Люди, бывавшие в лагерях, рассказывали неопытным, что нас ждет. Как только прибудем в лагерь, нас накормят и дадут дня два или больше отдыхать. Ведь мы сейчас и не работники. Все такие вымотанные, дохлые. Когда отлежимся, станут разбирать по специальностям: кто слесарь, кто столяр, а Вас, ученых, заберут на канцелярскую работу. Слушаем, верится не очень. Приходилось ведь слышать что-то совсем иное.
Наконец, приезжаем в Мариинск. Прямо перед нами, метров за 300, тяжелое громадное здание тюрьмы, построенное еще при царизме. Недалеко от него новое двухэтажное деревянное. Это оказалось здание управления Сибирских лагерей. День хороший, солнечный. Разминаемся, ждем отдыха и прежде всего кормежки. Голодны все зверски. Приводят в чисто вымытый барак со сплошными двухэтажными нарами. Залезаю наверх.

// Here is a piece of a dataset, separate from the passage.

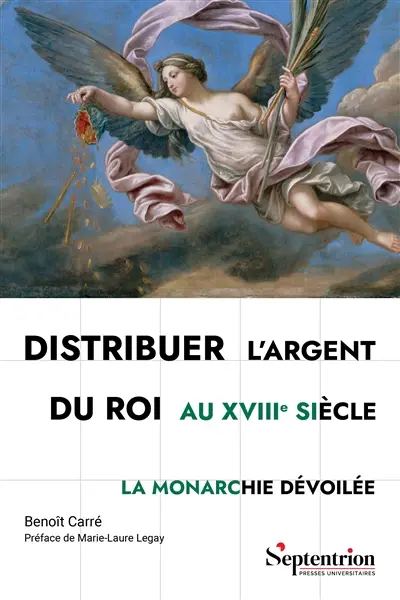 Distribuer l'argent du roi au XVIIIe siècle : la monarchie dévoilée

Через короткое время подается каша, почти густая гречневая, даже чем-то сдобренная каша. Нас разбивают по 8 человек и на всех приносят таз (у кого какой, но у всех давным-давно немытый) каши. Я черпанул полную ложку, но когда сунулся во второй раз, то таз был почти пустой, но вокруг него валиком лежала на нарах каша. Озверевшие люди глотали горячую прямо с огня кашу, давились и вновь глотали, а ту, которую раскидали около таза, запихивали в рот руками. Если бы каждому выдали его порцию отдельно, то получилось бы какое-то питание, так как на душу приходилось видимо раз в десять больше, чем в тюрьме, но при общественном питании не насытился никто. В лагере, конечно, были и миски и ложки на всех, но, как везде, всем на все было наплевать.

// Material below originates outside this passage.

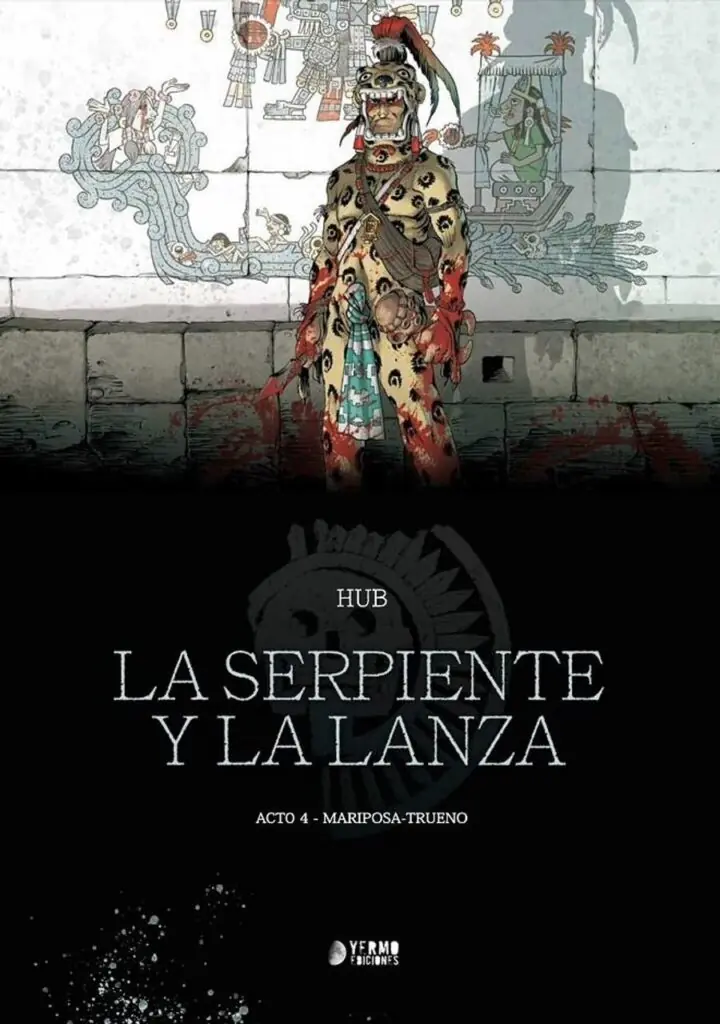 La Serpiente y la Lanza 04 (Mariposa-trueno) – Yermo Ediciones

После такого ужина и проверки, когда нас считали раз десять, можно было лечь и отдохнуть от вагонной толчеи и качки. Два дня будем отдыхать, а потом будет видно. Однако через каких-то полчаса явились надзиратели и начали вызывать добровольцев: кто пойдет на станцию на погрузку картошки (часа на два), тот получит дополнительную порцию каши. Ну, кто? Ну, кто? Целую миску каши. Добровольцев не оказалось ни одного. Надзиратели стали повышать голос, выкрикивая призыв, но затем, видя бесполезность этого, перешли к более действенным мерам.